Stored data entries
+++
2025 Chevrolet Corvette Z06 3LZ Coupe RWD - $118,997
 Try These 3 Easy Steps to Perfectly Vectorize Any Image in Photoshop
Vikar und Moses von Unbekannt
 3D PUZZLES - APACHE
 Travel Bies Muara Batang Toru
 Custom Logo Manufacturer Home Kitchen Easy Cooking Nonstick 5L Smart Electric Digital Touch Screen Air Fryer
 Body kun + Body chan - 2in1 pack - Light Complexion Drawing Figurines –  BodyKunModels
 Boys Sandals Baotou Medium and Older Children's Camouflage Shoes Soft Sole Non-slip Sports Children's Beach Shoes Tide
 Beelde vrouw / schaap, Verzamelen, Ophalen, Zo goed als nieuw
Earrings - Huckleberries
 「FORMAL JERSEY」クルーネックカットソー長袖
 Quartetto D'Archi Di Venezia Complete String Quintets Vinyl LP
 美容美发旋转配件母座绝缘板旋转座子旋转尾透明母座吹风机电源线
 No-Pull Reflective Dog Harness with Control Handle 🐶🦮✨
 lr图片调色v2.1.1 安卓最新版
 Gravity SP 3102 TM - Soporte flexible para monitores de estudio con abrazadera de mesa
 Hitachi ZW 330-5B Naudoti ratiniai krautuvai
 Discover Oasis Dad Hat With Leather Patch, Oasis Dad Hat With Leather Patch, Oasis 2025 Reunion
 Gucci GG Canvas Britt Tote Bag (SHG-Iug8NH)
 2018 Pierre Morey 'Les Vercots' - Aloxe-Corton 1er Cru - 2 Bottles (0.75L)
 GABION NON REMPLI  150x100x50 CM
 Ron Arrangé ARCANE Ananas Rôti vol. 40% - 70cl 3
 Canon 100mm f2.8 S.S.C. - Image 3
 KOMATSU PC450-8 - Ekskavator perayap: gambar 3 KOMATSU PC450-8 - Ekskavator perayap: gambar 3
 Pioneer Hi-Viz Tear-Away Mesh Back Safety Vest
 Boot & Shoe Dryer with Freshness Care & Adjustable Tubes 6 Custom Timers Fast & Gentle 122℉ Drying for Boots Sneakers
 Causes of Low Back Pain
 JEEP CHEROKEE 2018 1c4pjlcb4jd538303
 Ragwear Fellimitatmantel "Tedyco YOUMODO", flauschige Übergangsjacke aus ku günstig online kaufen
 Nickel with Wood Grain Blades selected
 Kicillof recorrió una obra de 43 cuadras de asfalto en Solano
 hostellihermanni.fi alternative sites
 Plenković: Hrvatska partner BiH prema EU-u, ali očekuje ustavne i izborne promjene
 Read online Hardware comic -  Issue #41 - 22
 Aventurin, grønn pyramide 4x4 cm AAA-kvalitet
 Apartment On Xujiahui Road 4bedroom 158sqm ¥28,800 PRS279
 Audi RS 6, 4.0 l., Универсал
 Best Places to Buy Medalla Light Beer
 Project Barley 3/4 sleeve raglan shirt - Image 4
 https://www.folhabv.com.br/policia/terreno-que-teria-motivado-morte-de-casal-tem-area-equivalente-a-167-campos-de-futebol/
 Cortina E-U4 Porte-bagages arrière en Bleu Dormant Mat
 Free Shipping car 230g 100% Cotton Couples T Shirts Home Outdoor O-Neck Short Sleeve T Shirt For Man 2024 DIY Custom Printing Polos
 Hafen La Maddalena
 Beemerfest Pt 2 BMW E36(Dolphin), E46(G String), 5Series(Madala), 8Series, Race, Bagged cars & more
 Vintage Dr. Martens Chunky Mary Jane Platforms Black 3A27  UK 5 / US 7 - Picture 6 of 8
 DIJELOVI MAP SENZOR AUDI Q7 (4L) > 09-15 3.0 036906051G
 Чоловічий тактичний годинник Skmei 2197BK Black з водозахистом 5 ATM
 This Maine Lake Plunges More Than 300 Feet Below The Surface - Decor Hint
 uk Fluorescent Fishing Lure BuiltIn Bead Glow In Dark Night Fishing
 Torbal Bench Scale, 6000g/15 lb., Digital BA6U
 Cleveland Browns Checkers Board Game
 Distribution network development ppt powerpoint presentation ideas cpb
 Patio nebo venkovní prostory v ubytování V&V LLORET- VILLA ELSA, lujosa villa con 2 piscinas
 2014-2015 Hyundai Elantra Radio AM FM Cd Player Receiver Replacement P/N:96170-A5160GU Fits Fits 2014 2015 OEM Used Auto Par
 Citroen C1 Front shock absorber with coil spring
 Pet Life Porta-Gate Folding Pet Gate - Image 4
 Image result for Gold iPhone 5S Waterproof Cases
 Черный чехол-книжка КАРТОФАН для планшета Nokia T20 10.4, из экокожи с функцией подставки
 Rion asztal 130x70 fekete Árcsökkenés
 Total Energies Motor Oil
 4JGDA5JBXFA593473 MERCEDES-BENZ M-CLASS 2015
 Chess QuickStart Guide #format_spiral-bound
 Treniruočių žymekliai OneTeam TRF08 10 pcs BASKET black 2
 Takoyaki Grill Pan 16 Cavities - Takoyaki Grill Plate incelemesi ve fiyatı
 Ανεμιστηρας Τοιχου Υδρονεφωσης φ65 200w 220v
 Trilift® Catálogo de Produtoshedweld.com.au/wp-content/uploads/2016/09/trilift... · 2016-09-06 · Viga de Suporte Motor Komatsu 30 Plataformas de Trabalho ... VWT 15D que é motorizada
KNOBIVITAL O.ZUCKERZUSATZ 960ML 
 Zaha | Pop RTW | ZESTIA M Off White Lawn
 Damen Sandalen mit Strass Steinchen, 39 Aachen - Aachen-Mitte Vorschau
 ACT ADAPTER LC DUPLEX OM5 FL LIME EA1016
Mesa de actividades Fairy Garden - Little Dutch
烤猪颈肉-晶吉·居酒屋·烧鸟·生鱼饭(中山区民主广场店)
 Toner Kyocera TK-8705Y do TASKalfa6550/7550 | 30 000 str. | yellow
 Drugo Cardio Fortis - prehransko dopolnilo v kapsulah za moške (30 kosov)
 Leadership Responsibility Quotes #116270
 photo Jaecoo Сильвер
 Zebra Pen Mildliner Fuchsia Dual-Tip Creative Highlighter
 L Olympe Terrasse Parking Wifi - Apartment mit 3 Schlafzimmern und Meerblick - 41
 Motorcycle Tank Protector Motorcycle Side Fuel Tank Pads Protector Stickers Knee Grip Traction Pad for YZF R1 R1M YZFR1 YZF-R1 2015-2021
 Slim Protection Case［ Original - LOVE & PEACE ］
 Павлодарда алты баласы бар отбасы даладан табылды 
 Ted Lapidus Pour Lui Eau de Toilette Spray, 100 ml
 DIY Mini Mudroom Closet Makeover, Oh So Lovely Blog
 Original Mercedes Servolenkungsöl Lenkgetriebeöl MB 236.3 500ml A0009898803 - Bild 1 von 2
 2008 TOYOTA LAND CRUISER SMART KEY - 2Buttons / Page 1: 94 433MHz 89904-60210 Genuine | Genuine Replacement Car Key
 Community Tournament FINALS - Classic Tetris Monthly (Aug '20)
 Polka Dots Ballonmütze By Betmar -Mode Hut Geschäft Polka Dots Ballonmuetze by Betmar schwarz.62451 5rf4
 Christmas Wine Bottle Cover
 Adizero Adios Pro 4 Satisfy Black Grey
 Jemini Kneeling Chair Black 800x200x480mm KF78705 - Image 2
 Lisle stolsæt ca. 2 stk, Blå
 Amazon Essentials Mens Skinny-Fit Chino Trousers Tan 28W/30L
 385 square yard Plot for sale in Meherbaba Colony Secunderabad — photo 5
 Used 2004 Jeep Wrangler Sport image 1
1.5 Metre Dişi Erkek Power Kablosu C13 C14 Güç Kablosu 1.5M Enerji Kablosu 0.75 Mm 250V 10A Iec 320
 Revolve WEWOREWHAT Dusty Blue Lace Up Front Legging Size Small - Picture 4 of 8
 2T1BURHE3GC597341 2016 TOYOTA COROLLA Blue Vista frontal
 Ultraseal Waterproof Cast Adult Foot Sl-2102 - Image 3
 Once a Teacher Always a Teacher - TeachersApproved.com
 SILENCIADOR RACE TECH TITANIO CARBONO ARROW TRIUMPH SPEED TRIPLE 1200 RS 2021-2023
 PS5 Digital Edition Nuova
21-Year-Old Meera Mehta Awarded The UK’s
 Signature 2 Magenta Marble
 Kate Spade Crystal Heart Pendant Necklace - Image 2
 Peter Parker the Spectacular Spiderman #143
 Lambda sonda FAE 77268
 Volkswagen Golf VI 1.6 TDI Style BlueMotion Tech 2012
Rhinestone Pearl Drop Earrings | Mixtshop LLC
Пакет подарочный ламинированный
+++
→ TASK DETAILS
Your task is to say how many lines in the entries above contain the word "String". Please write only the number.

→ RESPONSE BOX
2